Defines functions download_wid

Documented in download_wid

#' @title Download data from WID.world
#'
#' @author Thomas Blanchet
#'
#' @description Downloads data from the World Wealth and Income Database
#' (\url{http://WID.world}) into a \code{data.frame}.
#' Type \code{vignette("wid-demo")} for a detailed presentation.
#'
#' @param indicators List of six-letter strings, or \code{"all"}:
#' code names of the indicators in the database. Default is \code{"all"} for all
#' indicators. See 'Details' for more.
#' @param areas List of strings, or \code{"all"}: area code names of the
#' database. \code{"XX"} for countries/regions, \code{"XX-YY"} for subregions.
#' Default is \code{"all"} for all areas. See 'Details' for more.
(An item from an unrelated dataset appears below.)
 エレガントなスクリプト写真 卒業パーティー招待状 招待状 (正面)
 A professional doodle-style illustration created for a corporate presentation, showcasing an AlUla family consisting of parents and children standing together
#' @param perc List of strings, or \code{"all"}: percentiles take the form
#' \code{"pXX"} or \code{"pXXpYY"}. Default is \code{"all"} for all percentiles.
#' See 'Details' for more.
#' @param years Numerical vector, or \code{"all"}: years to retrieve.
#' Default is \code{"all"} for all years.
#' @param ages Numerical vector, or \code{"all"}: age category codes in the
#' database. 999 for all ages, 992 for adults. Default is \code{"all"} for all
#' age categories. See 'Details' for more.
#' @param pop List of characters, or \code{"all"}: type of population.
#' \code{"t"} for tax units, \code{"i"} for individuals. Default is
#' \code{"all"} for all population types. See 'Details' for more.
#' @param metadata Should the function fetch metadata too (ie. variable
#' descriptions, sources, methodological notes, etc.)? Default is \code{FALSE}.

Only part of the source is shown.